Caption-style text data
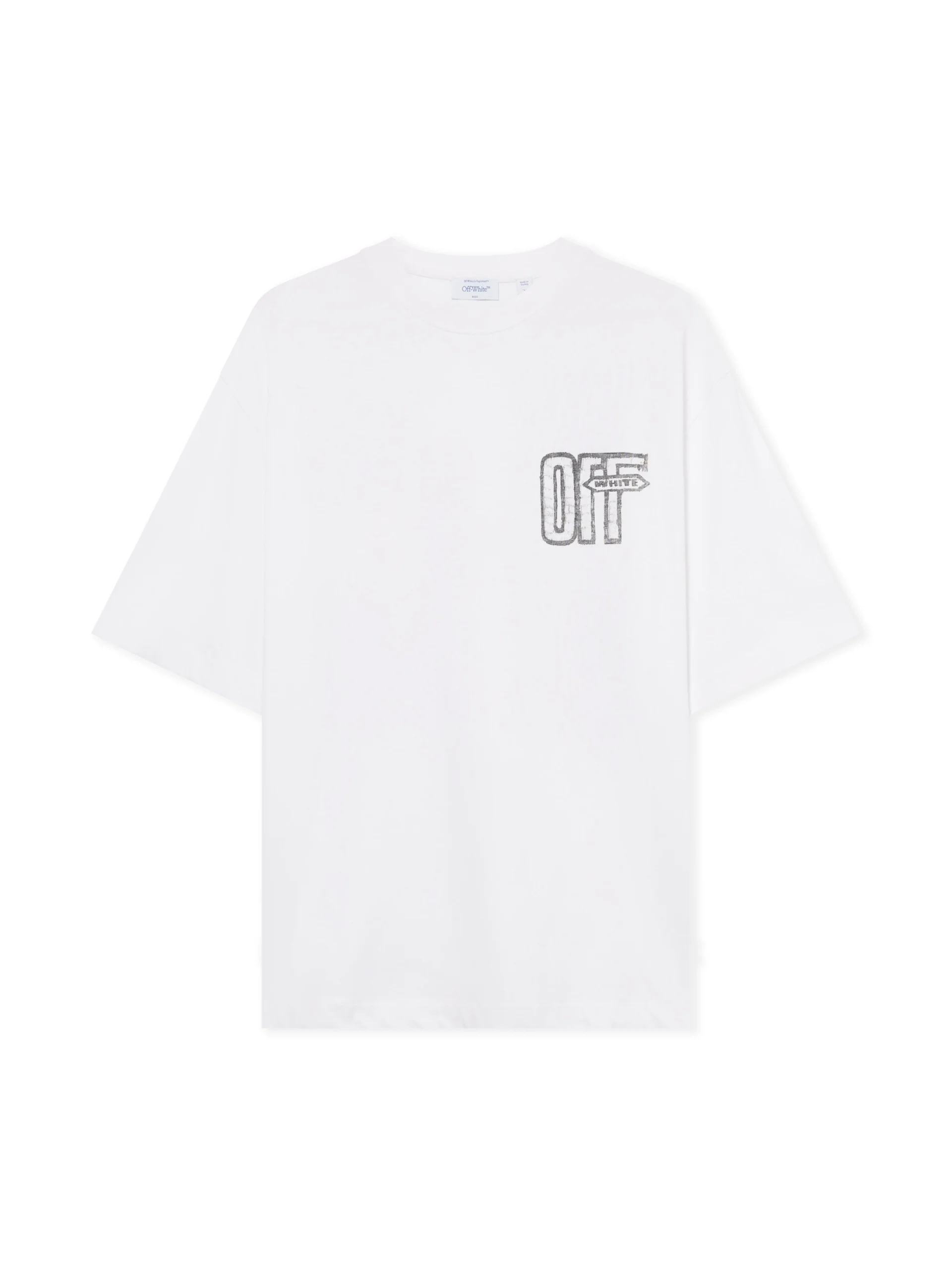 Off White Motion Arrow Skate T-Shirt - Image 2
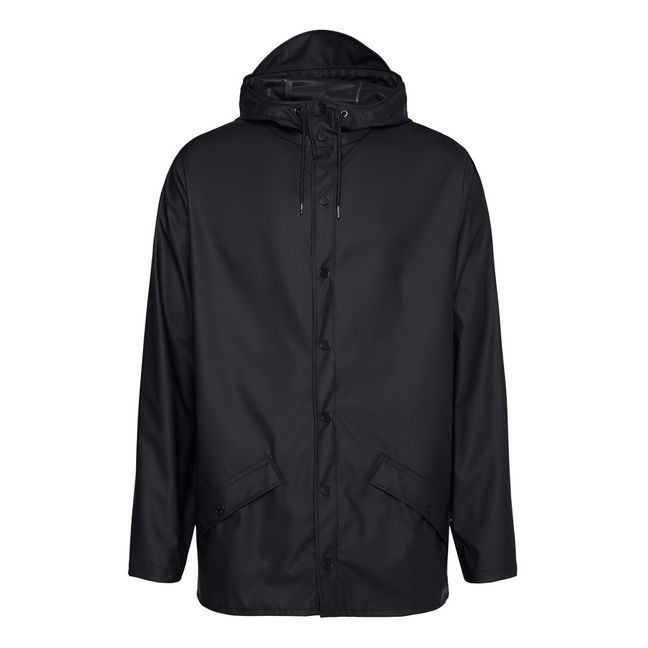 Waterproof Raincoat Black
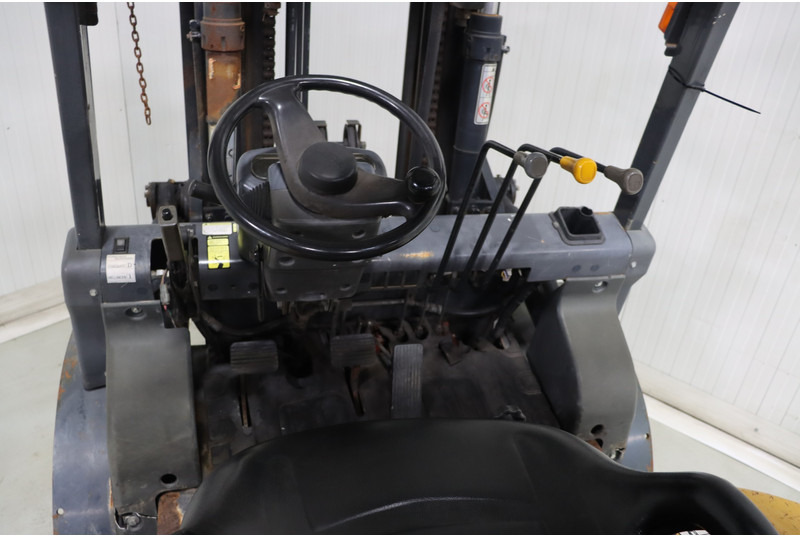 TCM FG50T9 - Gasoltruck: bild 2 TCM FG50T9 - Gasoltruck: bild 2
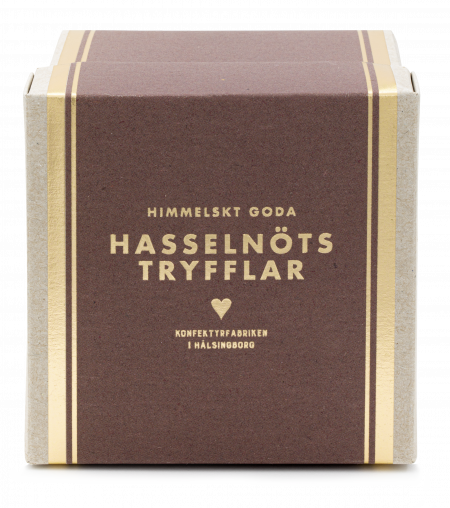 Himmelska Hasselnötstryfflar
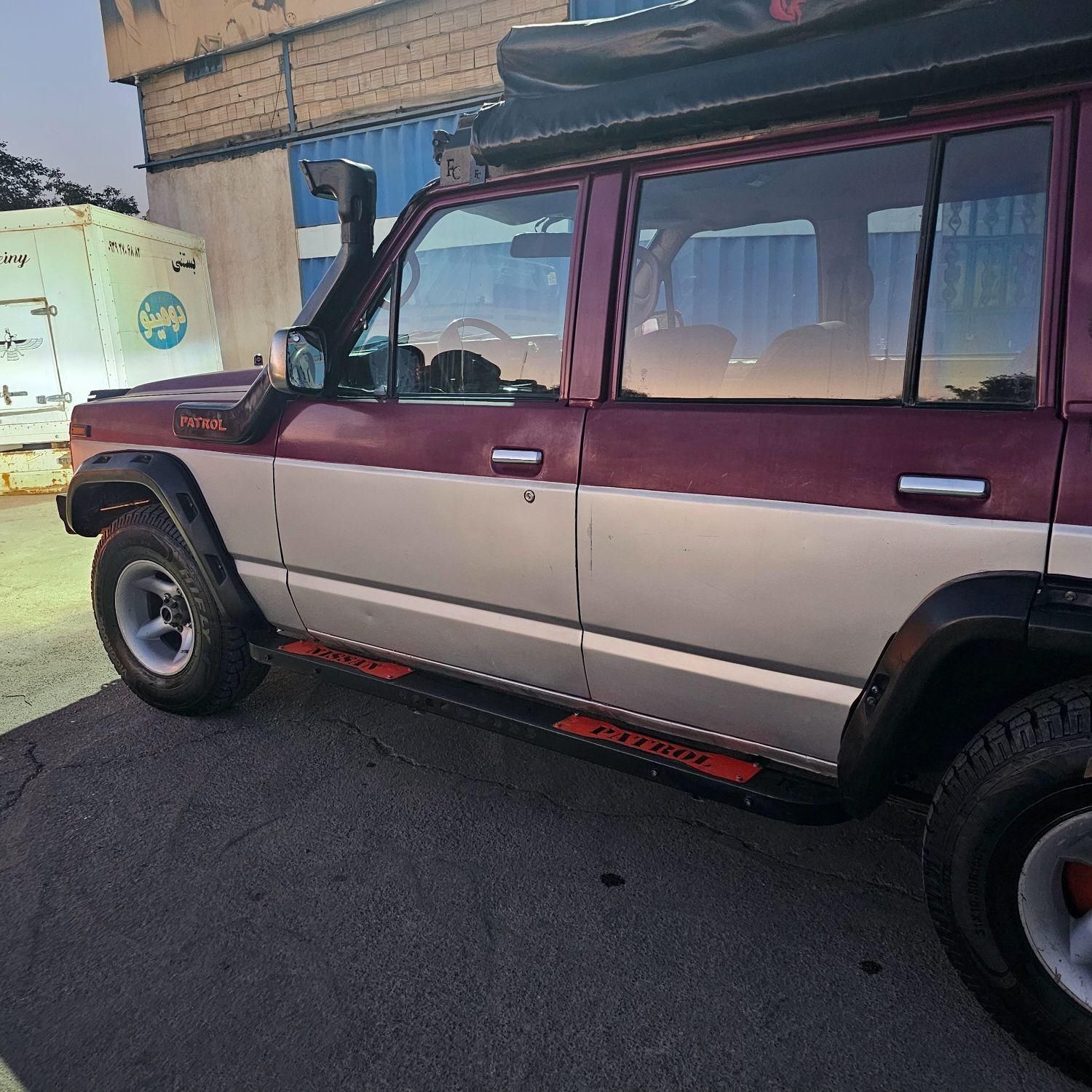 نیسان پاترول چهار درب 6 سیلندر - 1374
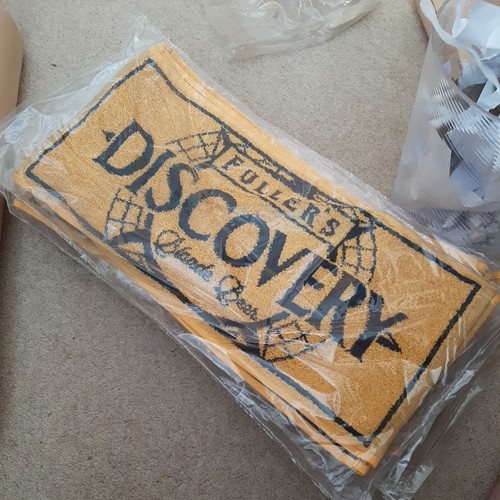 Fullers discovery bar towel - fullers,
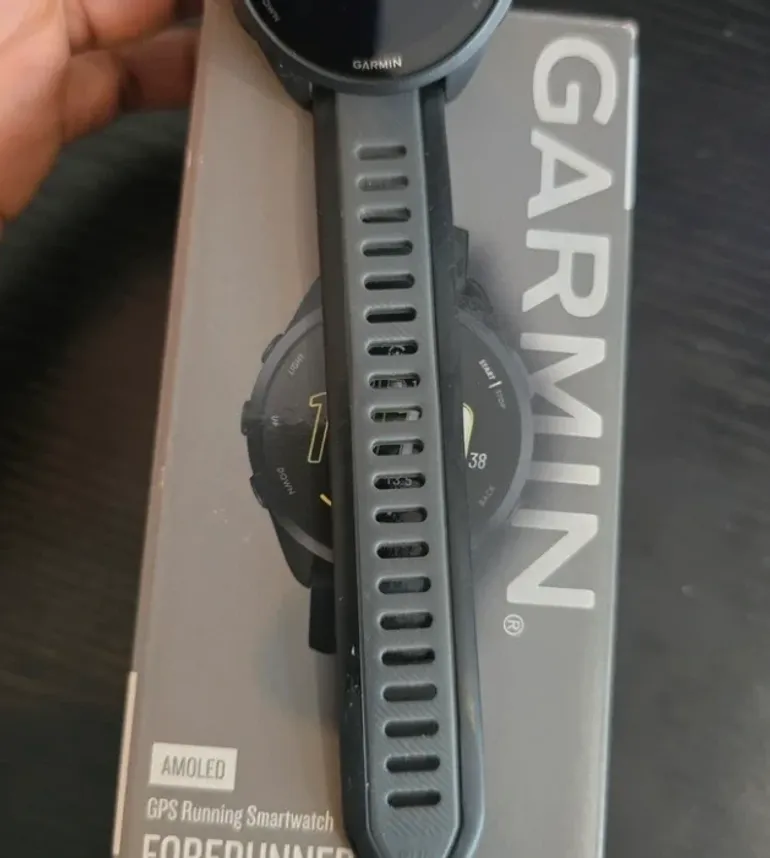 Brugt Garmin Forerunner 165 bike — billede 2 af 4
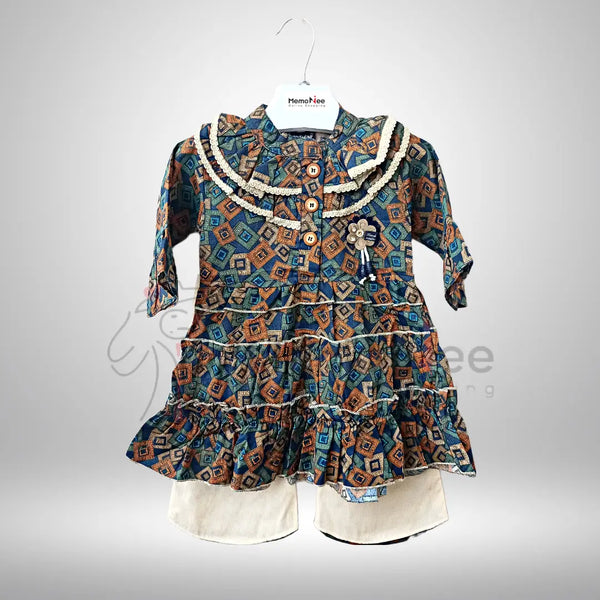 Girls Dress Premium Quality Cotton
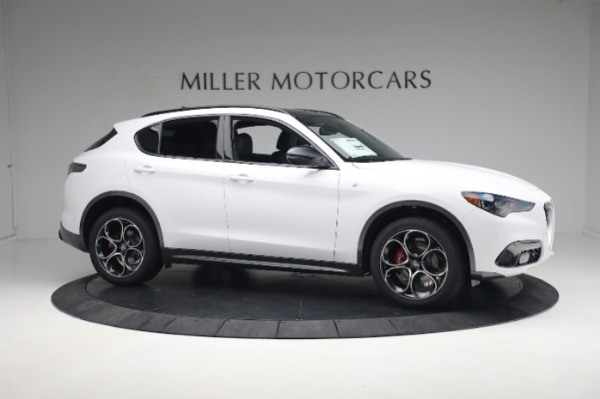 New 2024 Alfa Romeo Stelvio Ti for sale $53,820 at Alfa Romeo of Westport in Westport CT 06880 14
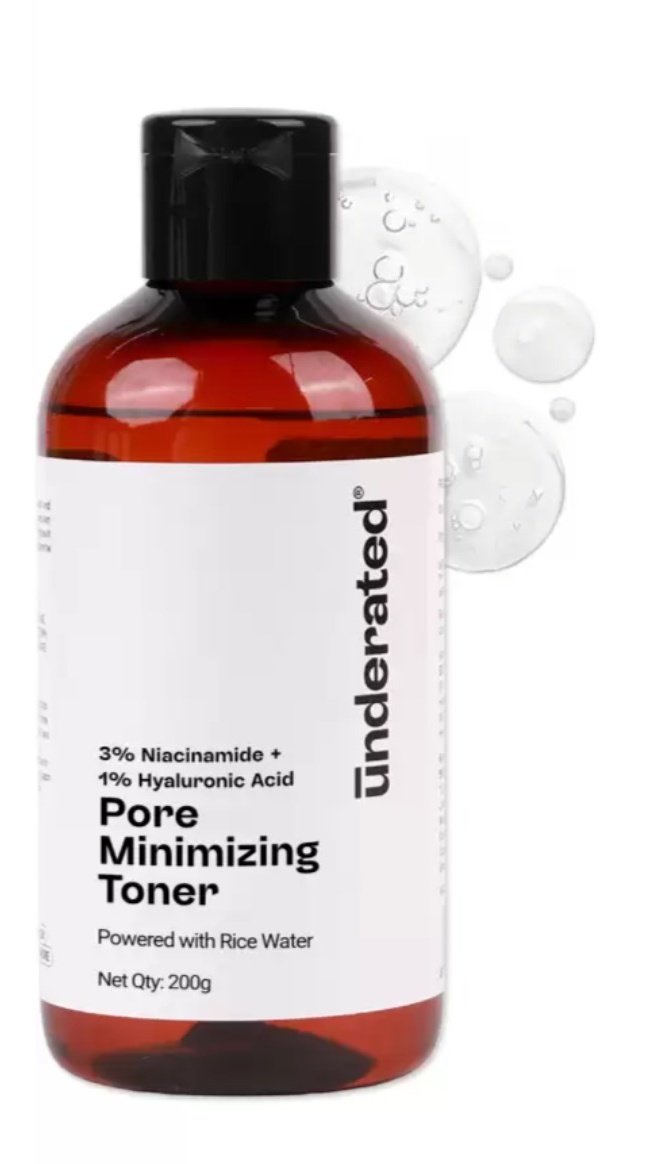 Underated Pore Minimising Toner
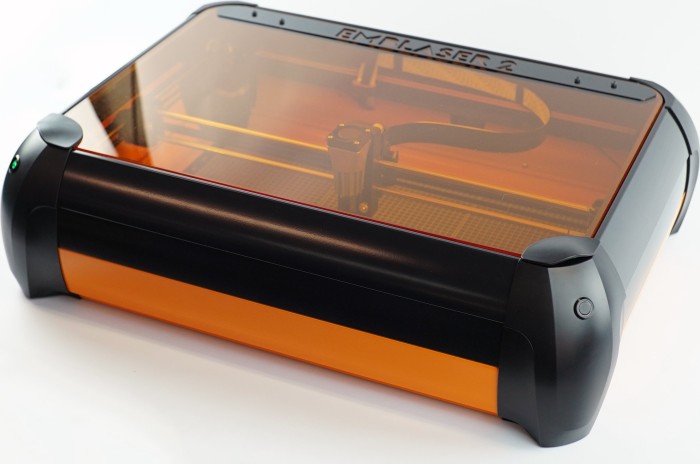 Darkly Labs Emblaser 2, The Revolutionary 3D Laser Cutter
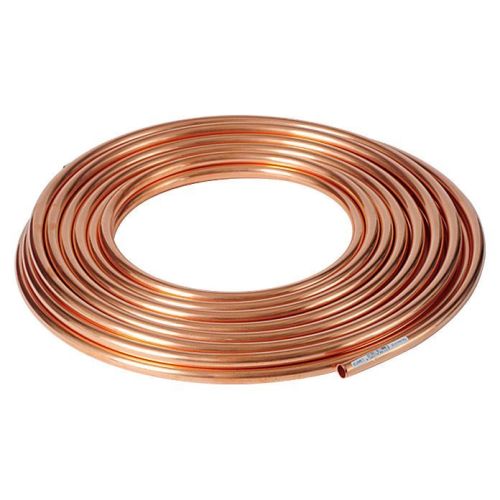 Tubo de cobre recocido blando 1х0,2mm-3х0,5mm Cu-DHP/CW024A en anillo 2.1990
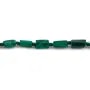 Malachite baroque 5x9mm x 40cm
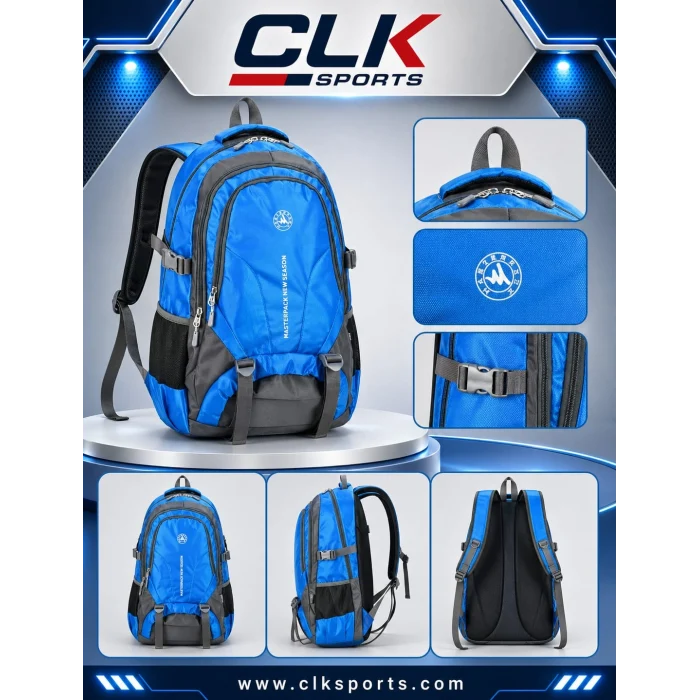 Masterpack Lüx Su Geçirmez Outdoor Kamp Dağcı Sırt Çantası 60 lt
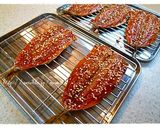 鰯のみりん干し。作り方8写真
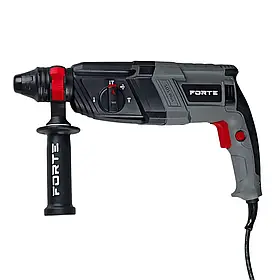 Електричний перфоратор 3 в 1 SDS-plus 2.8 Дж Forte RH 26-81 R перфоратор з ударом перфоратор з довбанням
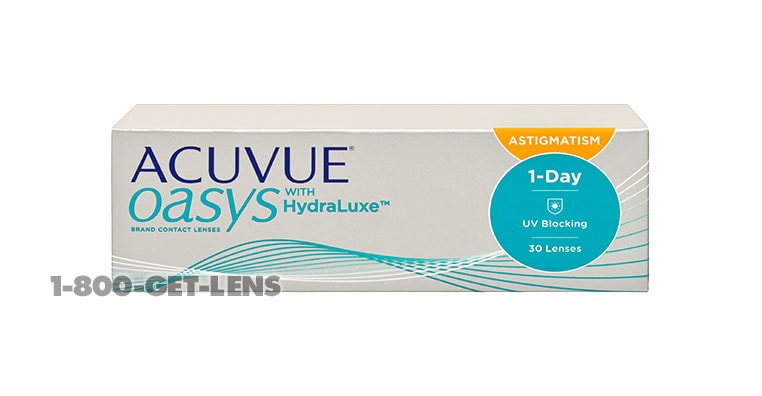 Acuvue Oasys 1-Day for Astigmatism 30PK
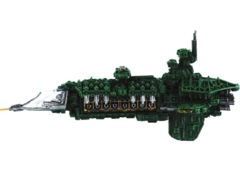 Battlefleet Gothic: Imperial Vengeance Class Grand Cruiser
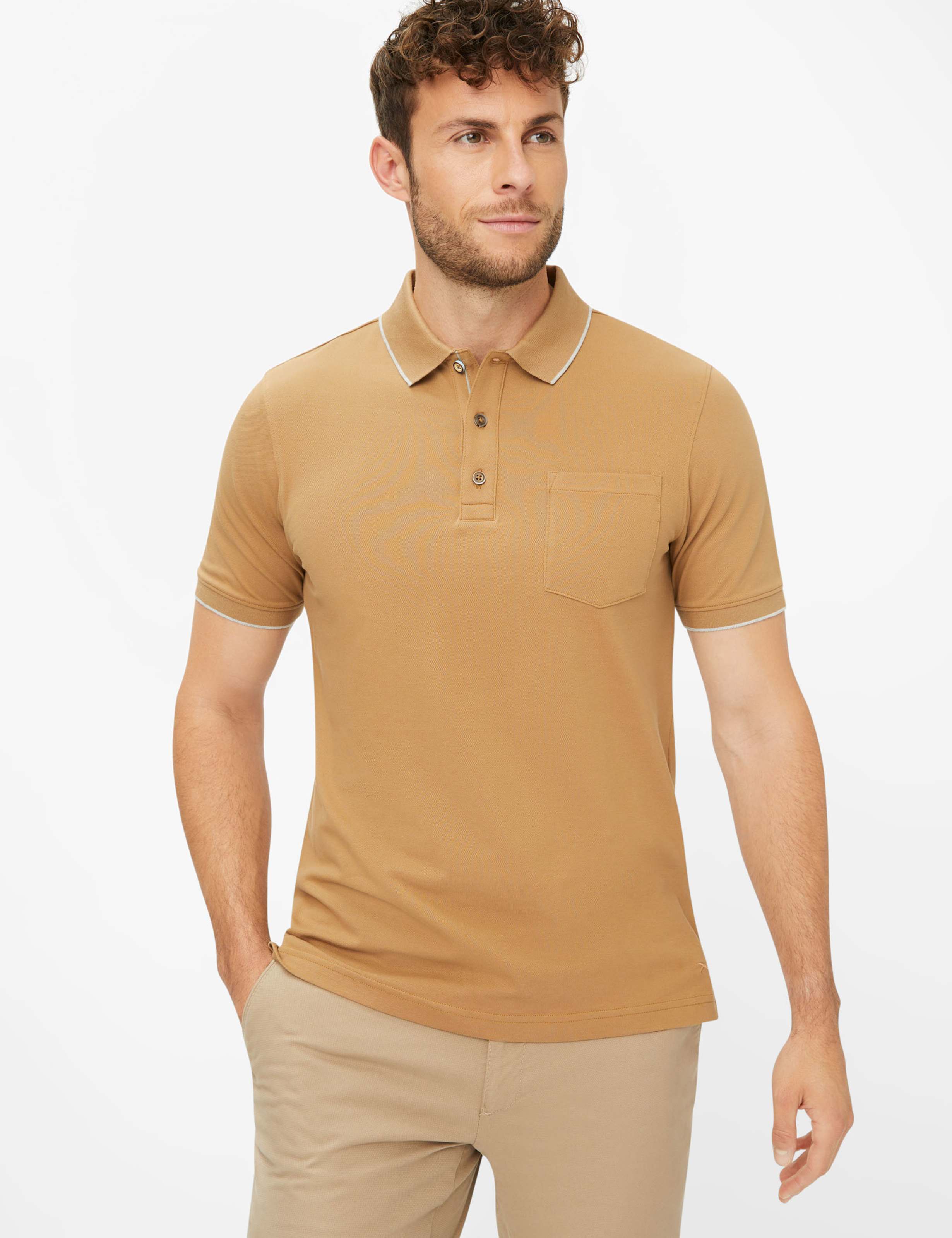 Shades of brown, Men, Style PETE, MODEL_FRONT_ISHOP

EXERCISE OBJECTIVE
Would you transcribe exactly, and only, the lines from the one containing "Masterpack Lüx Su" through the last line of the records above, both included, leaving out the pictures?

RESPONSE
 Masterpack Lüx Su Geçirmez Outdoor Kamp Dağcı Sırt Çantası 60 lt
 鰯のみりん干し。作り方8写真
 Електричний перфоратор 3 в 1 SDS-plus 2.8 Дж Forte RH 26-81 R перфоратор з ударом перфоратор з довбанням
 Acuvue Oasys 1-Day for Astigmatism 30PK
 Battlefleet Gothic: Imperial Vengeance Class Grand Cruiser
 Shades of brown, Men, Style PETE, MODEL_FRONT_ISHOP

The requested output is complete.